Letter

Means and Ends

Dear Upping the Anti,

Reading “Making friends with Failure” (UTA 3), I found that AK Thompson’s account of the shortcomings that mark Richard Day’s celebration of contemporary “affinity” politics cut right to the heart of the matter. I would like to take this opportunity to respond to his assessment and extend it to the current political situation in Western Europe.

To my mind, Thompson’s fiercest argument concerns Day’s celebration of subcultural strategies of prefiguration. If we cannot win, Day seems to suggest, then we must endeavor to build semi-permanent autonomous zones and little utopias where life can approximate the world that ought to be. If there is nothing to win for the future, then activists can do no better than to build a better world right here and now – even if only a few of us get to enjoy it.

Thompson is clear in pointing out the elitist implications of such a strategy. And he is vivid in his account of how we end up missing important aspects of the struggles in the Global South when we displace a “politics of demands” with Day’s “politics of the act.” There is no need to re-state the arguments here.
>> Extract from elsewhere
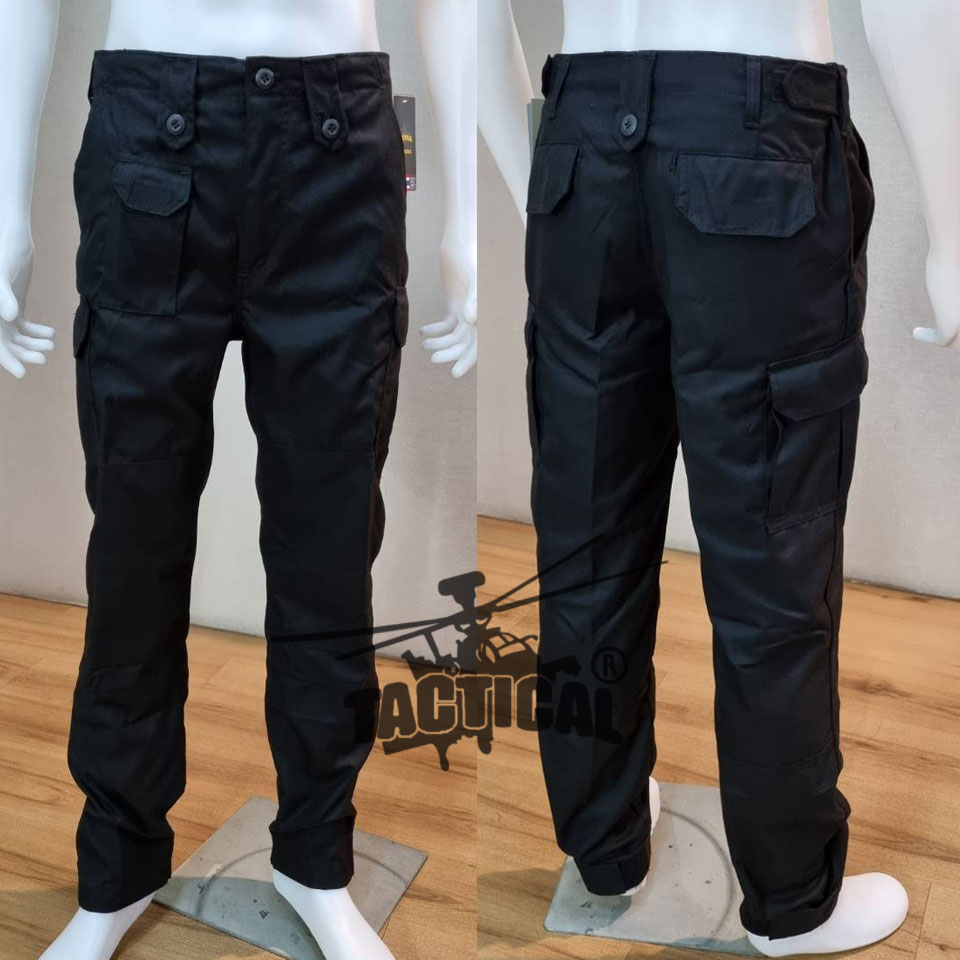 กางเกงเดี่ยว ACU(2) ดำ ผ้าหนานุ่ม (มีตีนตุ๊กแกปลายขา)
From a European perspective, however, the significance of autonomous spaces can be seen to extend well beyond the limits imposed upon them by Day’s account. Rather than being conceived as ends in and of themselves, recent European history tells us that these spaces must instead be viewed strategically and, hence, instrumentally. Because strategy necessitates a decision concerning the means needed to reach some as of yet unrealized goal, strategy itself disappears if we collapse means into ends.

Autonomous spaces – and in Europe one has to look no further than squatted social centres – have provided the social means by which we’ve managed to create significant political conflict. Considered from the standpoint of scarce resources, social centers have been indispensable in instrumental terms. The components of the semi-permanent infrastructure developed by the autonomous movements of the ‘70s and ‘80s (mobile food, kitchens, prisoner support groups, safe meeting spaces) were crucial in enabling the anti-capitalist wing of the anti-globalization movement to develop and engage in confrontational tactics.
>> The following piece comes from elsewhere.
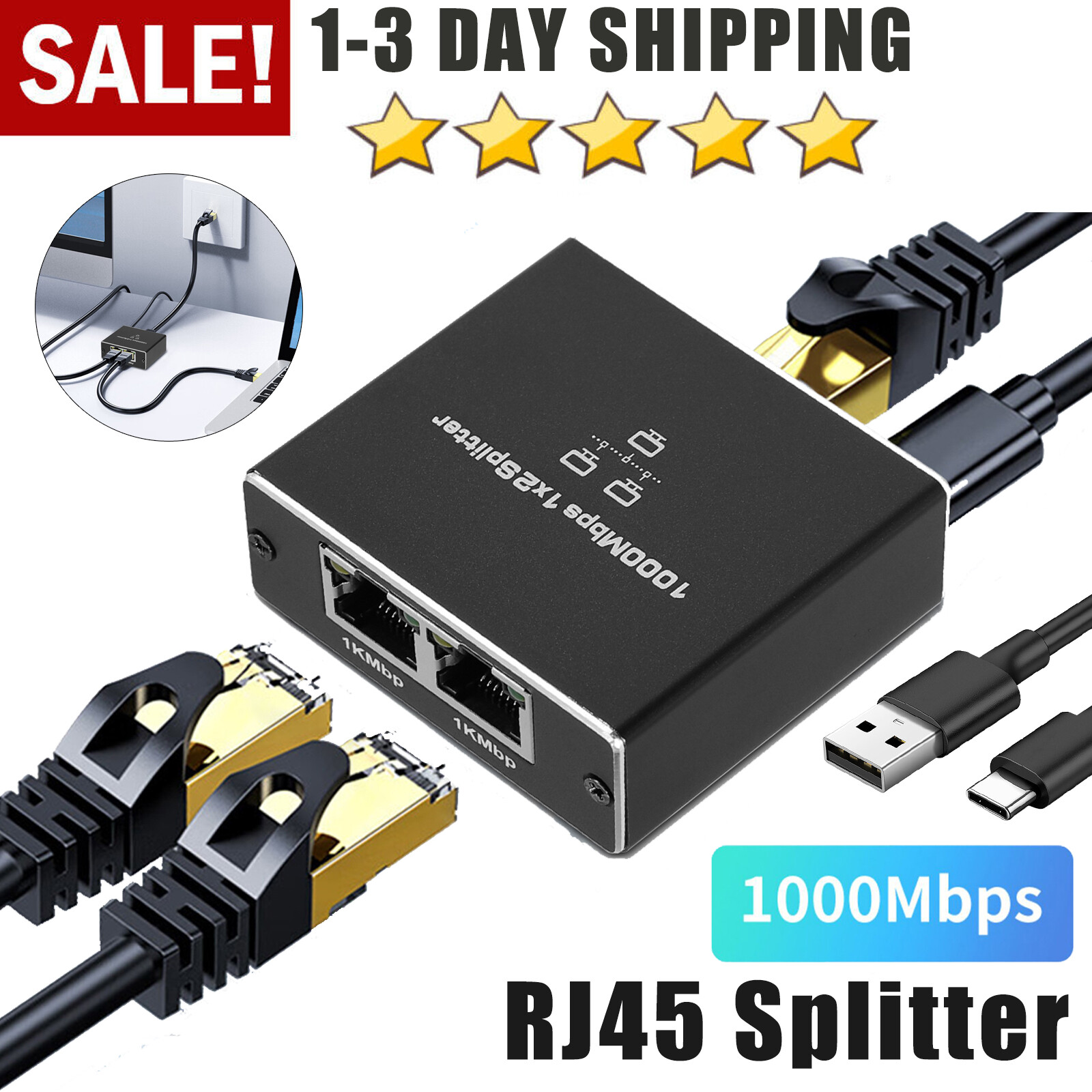 1000Mbps Ethernet Splitter Adapter 1 To 2 With Cat5 Cat5e Cat6 Cat7 Two Device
Arising from the dual strategy through which activists created autonomous spaces in order to facilitate political confrontations has been a correspondingly rapid circulation of struggles. This phenomenon has been in evidence since the end of the 1990s. In Europe, this circulation – enabled through new forms of computer-mediated communication – manifested itself as, and congealed, in the form of a dense network of social centres. Building on social center networks, anti-globalization activists were able between 1999 and 2001 to circulate new strategies of conflict more quickly than repressive forces were able to answer.

Though they might not correspond with current prospects in the North American context, contemporary anti-capitalist networks must do all they can not to forget the experience of radical anti-summit protest. With respect to both instrumental action and the circulation of struggles, one of the most important lessons was that it was possible to engage in confrontational direct action methods within the context of mass actions. Mass action and direct action can coexist and complement one another. And, while it is true that decentralized direct actions are often both easier and more satisfying to organize than are mass mobilizations, we nevertheless have to acknowledge that they tend to be less contagious.
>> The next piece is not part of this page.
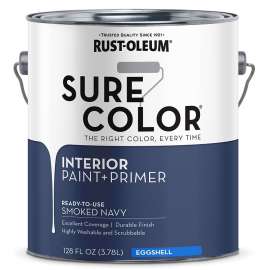 RUST-OLEUM Sure Color Series 380226 Wall Paint, Eggshell, Smoked Navy, 1 gal Can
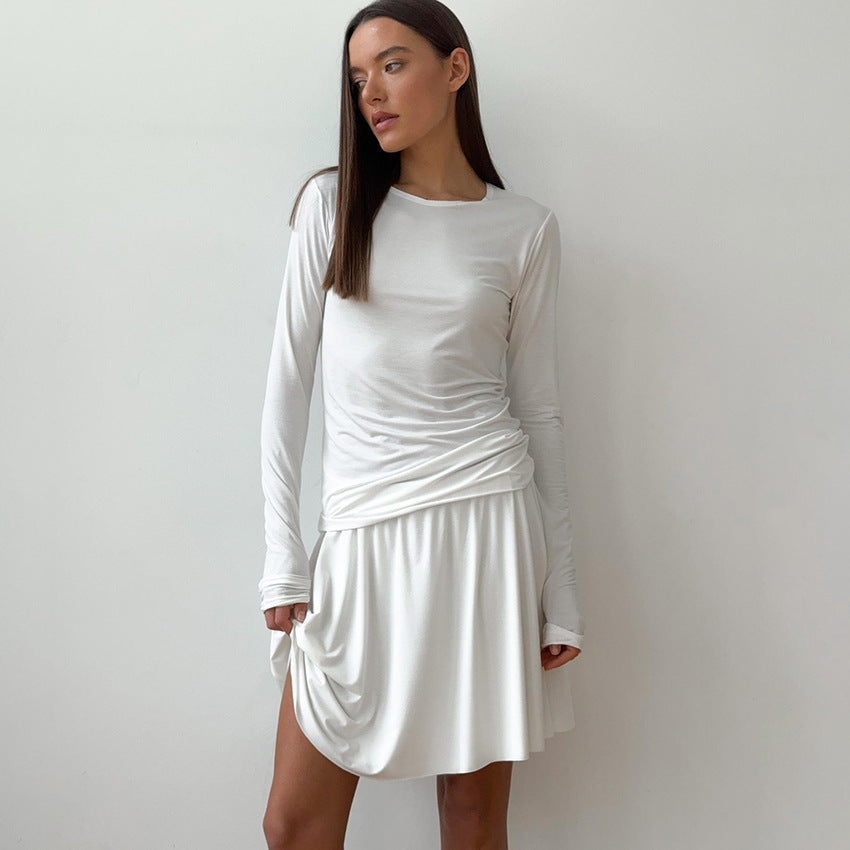 Comfortable Knit Women's Lounge Set, Slim Fit Stretch Long Sleeve Short Dress Two-Piece, Soft Skin-FriendlyAutumn/Winter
Whatever setbacks have befallen our movements since the beginning of America’s war of terror, there are now many compelling reasons to believe that we’ve reached a critical moment. All over Europe, activists seem poised on the threshold of the next phase. In June, the G8 will hold its summit in the North of Germany. Activists will be there in large numbers. The mood is for disruption. Because of social centres and autonomous networks, activists have experienced a degree of real continuity in their efforts to organize against the G8 in recent years. On top of that, autonomous and anti-capitalist networks seem to be better coordinated than ever before.

For organizers in Europe, one of the principle tasks leading up to this action has been to develop our capacity to incorporate direct action methods into mass action contexts. In order to get a taste of what’s in store for the G8, we need look no further than the massive resistance to the eviction of the Ungdomshuset in Copenhagen. As a political phenomenon, the social centre, despite Richard Day’s account, seems destined to be an important component in the circulation of struggles and in the coordination of instrumental action.